An Epic Christmas, At Last
I’m a big fan of Christmas. If I could find one of those Number One fingers and write “FOR CHRISTMAS,” on it, I would. THAT is how much I love Christmas.
Sure, it’s going to be weird this year. Got some familial drama that I cannot (apparently) speak of here, that’s got me a wee bit nervous, but I push on through.
I still get all misty-eyed when I see decorations up, and there’s frankly nothing like a good version of “Blue Christmas” to get me solidly in the mood for some festive motherfucking cheer.
You think I’m being sarcastic, but I’m not.
I’m old now. I may get tearful whenever my Christmas tree is turned on (bear in mind it’s been up since LAST Christmas, which reminds me of that awful Wham! song, which is NOT something that makes Baby Jesus OR Your Aunt Becky smile), and I may wrap each present happily, open each Christmas card guiltily, but you know what?
I can never think of anything I want for Christmas.
Now I know what you’re saying, “Aunt Becky, Christmas – and Trix – are for kids. You don’t need any presents.”
And, o! Pranksters, my Pranksters, you would, indeed be correct. It’s a lean Christmas here at Casa de la Vodka, but the kids, well, they still have a butt-ton of small gifts to open. According to The Twitter, whom I trust implicitly, kids under ten prefer a fuck-ton of small things rather than one big present. So I have a ridiculous amount of tiny PlayDoh things to wrap.
Anyway.
When I’m asked, “Hey, what do you want for Christmas?” my mind goes blank. Don’t mistake me, I’m not one of those people who are all *waves hands dismissively* “Oh, give my gift to charity,” because, well, I like presents. A lot.
Problem is, I never know what the fuckballs I want. When asked, that is. It’s like my mind, normally filled with pictures of ponies and/or unicorns on roller skates, immediately empties and I’m stuck muttering the first few things that come out:
“Barbie Dream House.”
“Ball pit.”
“Shark pit.”
“Shark on Roller Skates.”
And the asker is left quizzically scratching his or her befuddled head, wondering if I have, at last, gone off my rocker.

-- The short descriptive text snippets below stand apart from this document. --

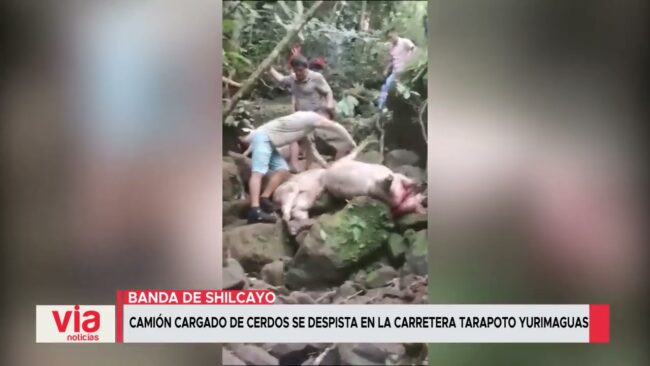 Camión cargado de cerdos se despista en la carretera Tarapoto – Yurimaguas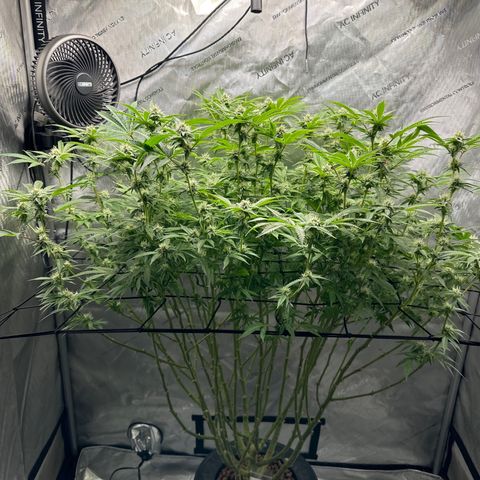 Cafe Racer growlog photo: week 5 of flower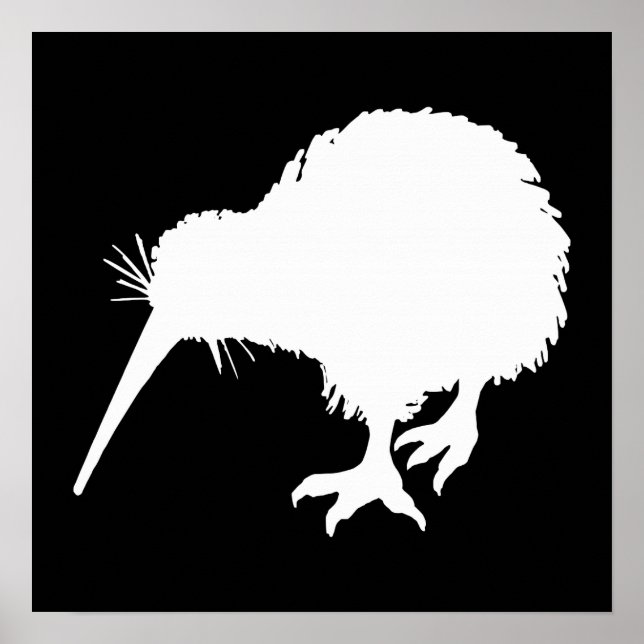 Kiwi Bird Poster (Framsidan)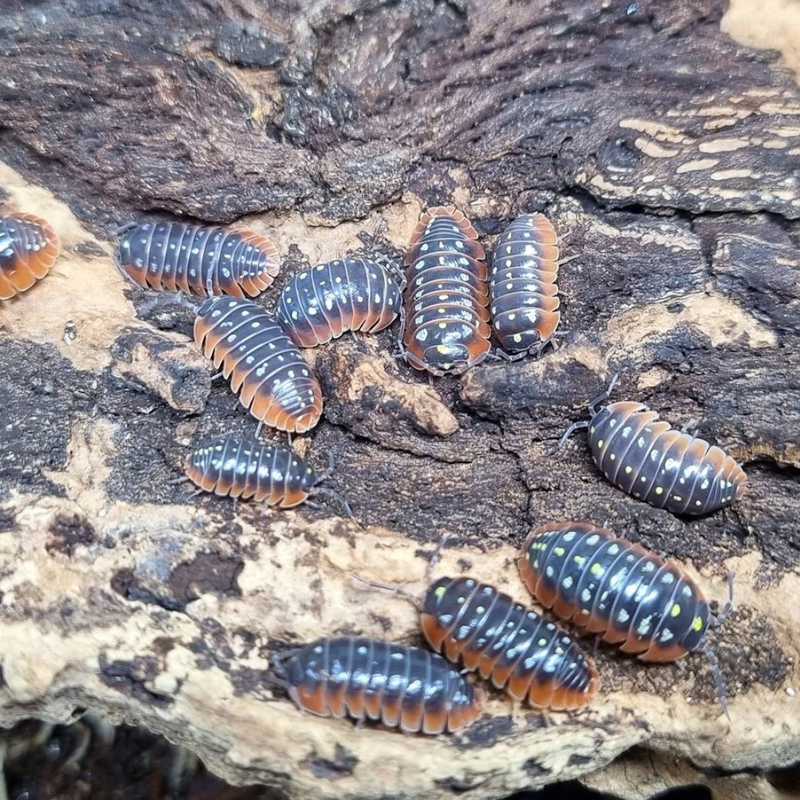 Clown Isopods (10 Pack) | Armadillidium klugii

Since I already HAVE a pony on Roller Skates:
I no longer need one.
Nor do I need anything else that I can think of on command. I tried, the other day, to create an Amazon wish-list. All the cool bloggers are doing it, so I figured THAT would be a great place to point family members to buy gifts for me.
Ha.
I have two things on it.
Two.
Things.
Apparently, I suck at life AND picking out gifts for myself.
But this morning, the heavens opened up and smiled down upon me. A good friend, who shall remain nameless because, well, I do not have a proper email address or name to thank this wonderful friend, sent me something. Something so incredible that I may never stop weeping with joy.
Something I want, nay NEED, for Christmas.
Behold, my Pranksters, and share in my joy.
If you think the 3-Wolf Moon PJ’s aren’t awesome enough, just read the description:
Pranksters! I can take a SHIT while wearing these glorious rags! These PJ’s come with a SHIT DOOR!
Frankly, I do not think that, once I own these, I will ever, EVER need to own another item of clothing in my life.
So WHAT if I find adult footie pajamas to be creepy? So what if I cannot imagine sleeping with cuffs around my feet again? I CAN TAKE A SHIT WHILE WEARING THEM.
THOSE ARE EPIC FUCKING PAJAMAS.
And *shakes fist at sky dramatically* they WILL BE MINE.